Beneath this line are entries. Copy the range from the line with "Konya Yolu Çobanlar Kavşağında Kaza!" to the line with "Official poster of", ends included, exactly; leave pictures out.

The input:
········

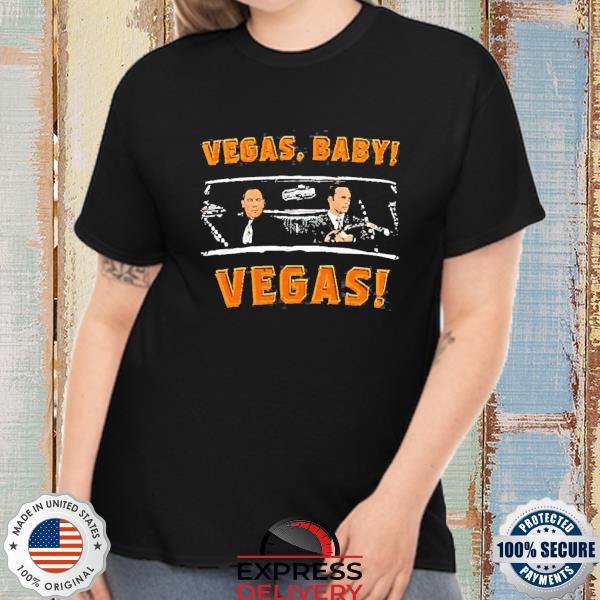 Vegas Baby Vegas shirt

········

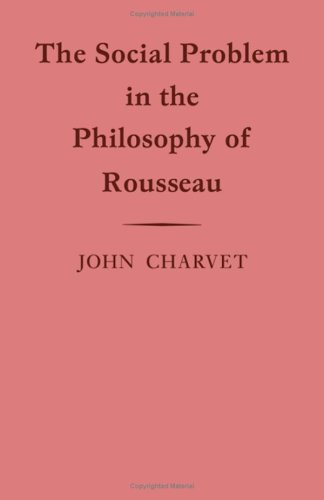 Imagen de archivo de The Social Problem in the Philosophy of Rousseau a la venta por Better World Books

········

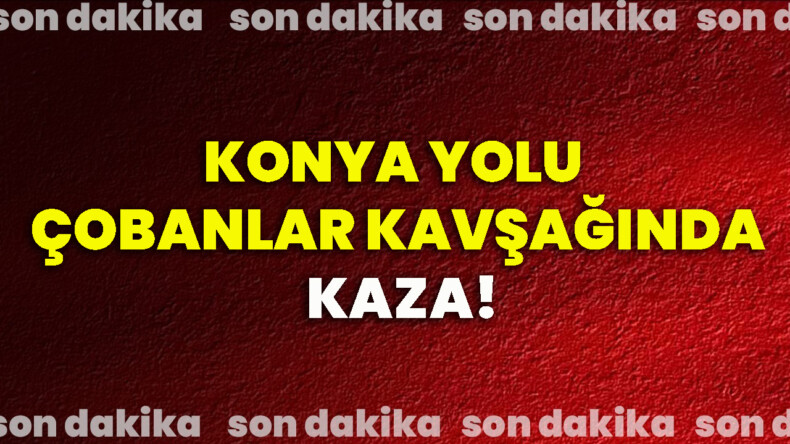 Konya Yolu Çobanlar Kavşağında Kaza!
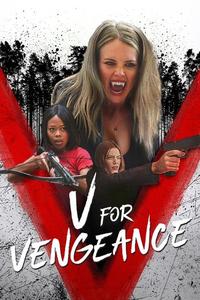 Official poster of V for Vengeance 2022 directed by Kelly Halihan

········

Output of the exercise:
 Konya Yolu Çobanlar Kavşağında Kaza!
 Official poster of V for Vengeance 2022 directed by Kelly Halihan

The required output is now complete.